High-temperature nitridation of Nb-Ti alloys in nitrogen

Microstructure evolution, phase composition, weight gain and layer growth kinetics of Nb-Ti alloys (10, 47, 63 and 90 at.% Ti) annealed in high-purity nitrogen atmosphere (0.3, 3 and 30 bar) were studied in the temperature range 1300-1600°C. After nitridation, the formation of an external compact nitride layer as well as extensive internal nitride precipitation was observed. The overall nitridation kinetics (weight gain) is invariably parabolic; a deviation from the initial rate law is observed at 1450 and 1600°C for the longer reaction times when the alloy core approaches nitrogen saturation and internal precipitation slows down. The parabolic rate constant is strongly affected by the Nb content in the alloy. The phases detected in the reacted samples are isostructural with those of the Nb-Ti, Nb-N and Ti-N systems. The surface nitride was [delta]-(Ti,Nb)N in any case. The morphology of the internal nitridation zone corresponds to the growth of large, oriented, nitride needles for the three alloys richer in titanium. The needles are composed of [alfa]-(Ti,Nb)(N) in the case of Ti90Nb10 alloy and of [delta]-(Ti,Nb)N1-x in the case of Ti63Nb37 and Ti47Nb53. Such a microstructure is evidence for nucleation difficulty; coarsening of the existing particles is favoured in comparison to the formation of new precipitates. Homogeneous nucleation is hindered by the small chemical Gibbs free energy available and the elastic strain energy related to volume misfit.
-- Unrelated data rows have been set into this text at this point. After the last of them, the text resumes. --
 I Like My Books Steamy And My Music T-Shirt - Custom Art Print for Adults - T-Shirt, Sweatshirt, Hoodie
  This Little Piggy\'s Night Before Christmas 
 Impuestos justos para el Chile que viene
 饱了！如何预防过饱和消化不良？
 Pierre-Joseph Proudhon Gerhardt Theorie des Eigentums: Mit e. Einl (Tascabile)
After initial reaction, microstructure evolution is mainly determined by the fast inward diffusion of nitrogen and the slow Nb-Ti interdiffusion in the [beta]-(Ti,Nb) alloy. Internal nitridation of Ti10Nb90 at 1450 and 1600°C leads to the formation of fine and numerous precipitates of [beta]-(Nb,Ti)2N. In this case heterogeneous nucleation along grain boundaries and dislocation lines is the prevailing mechanism.